24. Pharmazeutische Zusammensetzung nach jeglichem der Ansprüche 19 bis 23, bei der die Autoimmunerkrankung die Zerstörung von Gliazellen und/oder von Myelin umfaßt.

25. Pharmazeutische Zusammensetzung nach Anspruch 24, bei der die Autoimmunerkrankung Multiple Sklerose ist.

26. Pharmazeutische Zusammensetzung nach jeglichem der Ansprüche 19 bis 21, bei der die Autoimmunerkrankung rheumatoide Arthritis, systemischer Lupus erythematosus, Psoriasis, Pemphigus vulgaris, juveniler Diabetes, Sjögren-Syndrom, Thyreoiditis, Hashimoto's-Thyreoiditis oder Myasthenia gravis ist.

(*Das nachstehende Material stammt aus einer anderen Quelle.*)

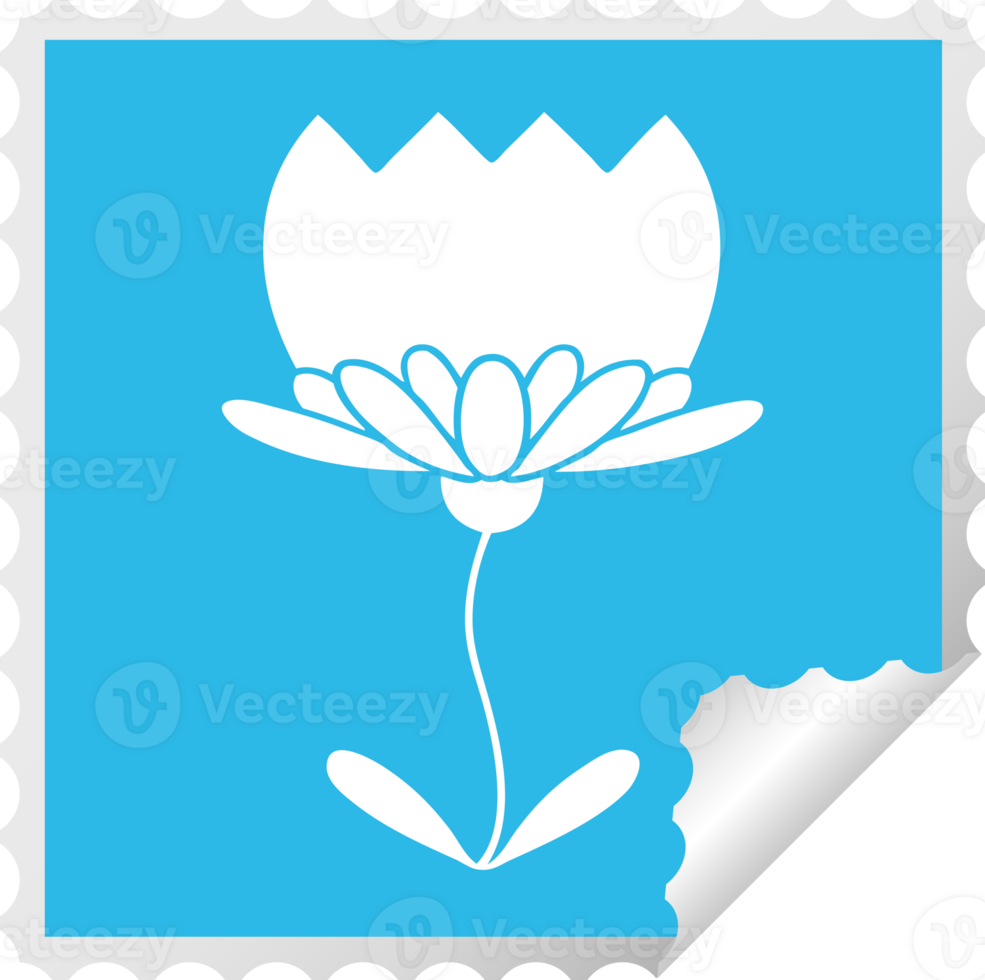 square peeling sticker cartoon of a flower png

27. Pharmazeutische Zusammensetzung zur Hemmung von durch Lymphozyten gesteuerten Angriffen auf humane syngene Zellen, die mit einer Autoimmunerkrankung assoziiert sind, enthaltend ein Peptid nach jeglichem der Ansprüche 11 bis 18 vermischt mit einem pharmazeutisch akzeptablen Träger.

28. Monoklonaler Antikörper mit Spezifität für eine Aminosäure- Sequenz, die von einem Locus für eine variable Region eines T-Zell-Rezeptors kodiert wird, die mit einer Autoimmunerkrankung assoziiert ist, zur Verwendung als Arzneimittel.

29. Verwendung eines monoklonalen Antikörpers mit Spezifität für eine Aminosäure-Sequenz, die von einem Locus für eine variable Region eines T-Zell-Rezeptors kodiert wird, die mit einer Autoimmunerkrankung assoziiert ist, zur Herstellung eines Arzneimittels zur Behandlung einer Autoimmunerkrankung.

30. Verwendung eines monoklonalen Antikörpers nach Anspruch 29, bei der die Autoimmunerkrankung die Zerstörung von Gliazellen und/oder von Myelin umfaßt.

31. Verwendung nach Anspruch 30, bei der die Autoimmunerkrankung Multiple Sklerose ist.

32. Verwendung eines monoklonalen Antikörpers nach Anspruch 29, bei der die Autoimmunerkrankung rheumatoide Arthritis, systemischer Lupus erythematosus, Psoriasis, Pemphigus vulgaris, juveniler Diabetes, Sjögren-Syndrom, Thyreoiditis, Hashimoto's-Thyreoiditis oder Myasthenia gravis ist.

33. Peptid nach jeglichem der Ansprüche 11 bis 18 zur Verwendung als Arzneimittel.

34. Verwendung eines Peptids nach jeglichem der Ansprüche 11 bis 18 zur Herstellung eines Arzneimittels zur Behandlung einer Autoimmunerkrankung.

35. Verwendung nach Anspruch 34, bei der die Autoimmunerkrankung die Zerstörung von Gliazellen und/oder von Myelin umfaßt.

36. Verwendung eines Peptids nach Anspruch 35, bei der die Autoimmunerkrankung Multiple Sklerose ist.

37. Verwendung nach Anspruch 34, bei der die Autoimmunerkrankung rheumatoide Arthritis, systemischer Lupus erythematosus, Psoriasis, Pemphigus vulgaris, juveniler Diabetes, Sjögren- Syndrom, Thyreoiditis, Hashimoto's-Thyreoiditis oder Myasthenia gravis ist.

38. Anti-idiotypischer Antikörper gegen ein Peptid nach jeglichem der Ansprüche 11 bis 18.